ACTIVITY:
All entries must be set down once more, precisely as given.

Stored items from a collection
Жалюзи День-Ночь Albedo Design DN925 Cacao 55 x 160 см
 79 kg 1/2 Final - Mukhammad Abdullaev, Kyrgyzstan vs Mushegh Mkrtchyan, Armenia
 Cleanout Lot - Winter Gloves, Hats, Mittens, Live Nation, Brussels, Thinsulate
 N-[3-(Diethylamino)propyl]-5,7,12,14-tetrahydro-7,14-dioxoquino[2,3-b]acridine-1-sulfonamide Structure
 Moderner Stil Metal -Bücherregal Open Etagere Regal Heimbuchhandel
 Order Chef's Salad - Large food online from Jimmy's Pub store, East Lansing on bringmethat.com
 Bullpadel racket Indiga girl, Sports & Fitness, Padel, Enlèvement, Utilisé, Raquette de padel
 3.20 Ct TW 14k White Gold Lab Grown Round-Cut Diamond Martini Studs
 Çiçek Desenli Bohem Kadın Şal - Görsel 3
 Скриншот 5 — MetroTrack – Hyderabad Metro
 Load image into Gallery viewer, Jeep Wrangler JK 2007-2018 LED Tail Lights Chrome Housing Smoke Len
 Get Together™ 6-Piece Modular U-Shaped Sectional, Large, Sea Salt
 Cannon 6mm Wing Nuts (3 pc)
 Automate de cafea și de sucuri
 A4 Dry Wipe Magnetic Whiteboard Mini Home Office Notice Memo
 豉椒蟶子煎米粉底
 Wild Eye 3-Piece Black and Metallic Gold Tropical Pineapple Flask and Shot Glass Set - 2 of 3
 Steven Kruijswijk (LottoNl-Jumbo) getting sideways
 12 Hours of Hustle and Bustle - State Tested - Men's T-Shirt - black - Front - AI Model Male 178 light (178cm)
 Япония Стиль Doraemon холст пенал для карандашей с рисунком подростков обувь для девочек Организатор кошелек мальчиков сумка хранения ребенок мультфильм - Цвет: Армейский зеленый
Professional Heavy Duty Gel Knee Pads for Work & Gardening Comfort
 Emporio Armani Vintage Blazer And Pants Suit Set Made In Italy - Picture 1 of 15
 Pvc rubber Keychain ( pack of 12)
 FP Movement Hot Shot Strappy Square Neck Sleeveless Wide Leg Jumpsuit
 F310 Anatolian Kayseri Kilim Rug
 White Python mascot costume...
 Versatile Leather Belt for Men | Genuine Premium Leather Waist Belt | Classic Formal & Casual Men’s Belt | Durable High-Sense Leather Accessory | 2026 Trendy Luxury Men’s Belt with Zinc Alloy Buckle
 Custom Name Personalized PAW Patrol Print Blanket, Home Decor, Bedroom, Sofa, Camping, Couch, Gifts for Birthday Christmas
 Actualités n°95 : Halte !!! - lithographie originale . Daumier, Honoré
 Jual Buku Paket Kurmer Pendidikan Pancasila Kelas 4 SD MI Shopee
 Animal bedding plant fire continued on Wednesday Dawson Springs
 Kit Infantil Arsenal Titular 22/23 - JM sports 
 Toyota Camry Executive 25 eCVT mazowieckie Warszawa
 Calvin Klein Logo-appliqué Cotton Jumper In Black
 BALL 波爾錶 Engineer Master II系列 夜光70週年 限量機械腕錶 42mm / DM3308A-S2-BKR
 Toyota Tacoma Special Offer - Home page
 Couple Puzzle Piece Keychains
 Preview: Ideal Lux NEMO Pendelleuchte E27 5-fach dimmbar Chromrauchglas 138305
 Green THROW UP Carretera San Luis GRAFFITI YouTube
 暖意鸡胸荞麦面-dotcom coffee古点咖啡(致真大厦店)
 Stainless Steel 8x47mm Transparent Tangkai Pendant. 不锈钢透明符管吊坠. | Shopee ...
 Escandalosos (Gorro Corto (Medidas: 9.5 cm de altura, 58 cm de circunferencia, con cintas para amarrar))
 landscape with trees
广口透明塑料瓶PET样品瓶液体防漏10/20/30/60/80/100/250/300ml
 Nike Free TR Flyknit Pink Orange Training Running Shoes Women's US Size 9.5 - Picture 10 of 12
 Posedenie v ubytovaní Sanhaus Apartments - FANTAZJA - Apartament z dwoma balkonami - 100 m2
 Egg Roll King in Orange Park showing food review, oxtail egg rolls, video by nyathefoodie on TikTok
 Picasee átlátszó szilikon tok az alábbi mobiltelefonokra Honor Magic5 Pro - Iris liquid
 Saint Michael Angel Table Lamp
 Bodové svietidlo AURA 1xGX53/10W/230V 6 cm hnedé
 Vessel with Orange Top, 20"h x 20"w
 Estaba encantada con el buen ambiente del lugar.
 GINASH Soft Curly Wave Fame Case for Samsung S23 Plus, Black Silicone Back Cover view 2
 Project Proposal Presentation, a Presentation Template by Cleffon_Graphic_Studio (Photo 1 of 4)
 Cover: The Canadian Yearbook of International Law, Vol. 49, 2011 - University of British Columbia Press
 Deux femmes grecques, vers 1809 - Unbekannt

RESULT BELOW:
Жалюзи День-Ночь Albedo Design DN925 Cacao 55 x 160 см
 79 kg 1/2 Final - Mukhammad Abdullaev, Kyrgyzstan vs Mushegh Mkrtchyan, Armenia
 Cleanout Lot - Winter Gloves, Hats, Mittens, Live Nation, Brussels, Thinsulate
 N-[3-(Diethylamino)propyl]-5,7,12,14-tetrahydro-7,14-dioxoquino[2,3-b]acridine-1-sulfonamide Structure
 Moderner Stil Metal -Bücherregal Open Etagere Regal Heimbuchhandel
 Order Chef's Salad - Large food online from Jimmy's Pub store, East Lansing on bringmethat.com
 Bullpadel racket Indiga girl, Sports & Fitness, Padel, Enlèvement, Utilisé, Raquette de padel
 3.20 Ct TW 14k White Gold Lab Grown Round-Cut Diamond Martini Studs
 Çiçek Desenli Bohem Kadın Şal - Görsel 3
 Скриншот 5 — MetroTrack – Hyderabad Metro
 Load image into Gallery viewer, Jeep Wrangler JK 2007-2018 LED Tail Lights Chrome Housing Smoke Len
 Get Together™ 6-Piece Modular U-Shaped Sectional, Large, Sea Salt
 Cannon 6mm Wing Nuts (3 pc)
 Automate de cafea și de sucuri
 A4 Dry Wipe Magnetic Whiteboard Mini Home Office Notice Memo
 豉椒蟶子煎米粉底
 Wild Eye 3-Piece Black and Metallic Gold Tropical Pineapple Flask and Shot Glass Set - 2 of 3
 Steven Kruijswijk (LottoNl-Jumbo) getting sideways
 12 Hours of Hustle and Bustle - State Tested - Men's T-Shirt - black - Front - AI Model Male 178 light (178cm)
 Япония Стиль Doraemon холст пенал для карандашей с рисунком подростков обувь для девочек Организатор кошелек мальчиков сумка хранения ребенок мультфильм - Цвет: Армейский зеленый
Professional Heavy Duty Gel Knee Pads for Work & Gardening Comfort
 Emporio Armani Vintage Blazer And Pants Suit Set Made In Italy - Picture 1 of 15
 Pvc rubber Keychain ( pack of 12)
 FP Movement Hot Shot Strappy Square Neck Sleeveless Wide Leg Jumpsuit
 F310 Anatolian Kayseri Kilim Rug
 White Python mascot costume...
 Versatile Leather Belt for Men | Genuine Premium Leather Waist Belt | Classic Formal & Casual Men’s Belt | Durable High-Sense Leather Accessory | 2026 Trendy Luxury Men’s Belt with Zinc Alloy Buckle
 Custom Name Personalized PAW Patrol Print Blanket, Home Decor, Bedroom, Sofa, Camping, Couch, Gifts for Birthday Christmas
 Actualités n°95 : Halte !!! - lithographie originale . Daumier, Honoré
 Jual Buku Paket Kurmer Pendidikan Pancasila Kelas 4 SD MI Shopee
 Animal bedding plant fire continued on Wednesday Dawson Springs
 Kit Infantil Arsenal Titular 22/23 - JM sports 
 Toyota Camry Executive 25 eCVT mazowieckie Warszawa
 Calvin Klein Logo-appliqué Cotton Jumper In Black
 BALL 波爾錶 Engineer Master II系列 夜光70週年 限量機械腕錶 42mm / DM3308A-S2-BKR
 Toyota Tacoma Special Offer - Home page
 Couple Puzzle Piece Keychains
 Preview: Ideal Lux NEMO Pendelleuchte E27 5-fach dimmbar Chromrauchglas 138305
 Green THROW UP Carretera San Luis GRAFFITI YouTube
 暖意鸡胸荞麦面-dotcom coffee古点咖啡(致真大厦店)
 Stainless Steel 8x47mm Transparent Tangkai Pendant. 不锈钢透明符管吊坠. | Shopee ...
 Escandalosos (Gorro Corto (Medidas: 9.5 cm de altura, 58 cm de circunferencia, con cintas para amarrar))
 landscape with trees
广口透明塑料瓶PET样品瓶液体防漏10/20/30/60/80/100/250/300ml
 Nike Free TR Flyknit Pink Orange Training Running Shoes Women's US Size 9.5 - Picture 10 of 12
 Posedenie v ubytovaní Sanhaus Apartments - FANTAZJA - Apartament z dwoma balkonami - 100 m2
 Egg Roll King in Orange Park showing food review, oxtail egg rolls, video by nyathefoodie on TikTok
 Picasee átlátszó szilikon tok az alábbi mobiltelefonokra Honor Magic5 Pro - Iris liquid
 Saint Michael Angel Table Lamp
 Bodové svietidlo AURA 1xGX53/10W/230V 6 cm hnedé
 Vessel with Orange Top, 20"h x 20"w
 Estaba encantada con el buen ambiente del lugar.
 GINASH Soft Curly Wave Fame Case for Samsung S23 Plus, Black Silicone Back Cover view 2
 Project Proposal Presentation, a Presentation Template by Cleffon_Graphic_Studio (Photo 1 of 4)
 Cover: The Canadian Yearbook of International Law, Vol. 49, 2011 - University of British Columbia Press
 Deux femmes grecques, vers 1809 - Unbekannt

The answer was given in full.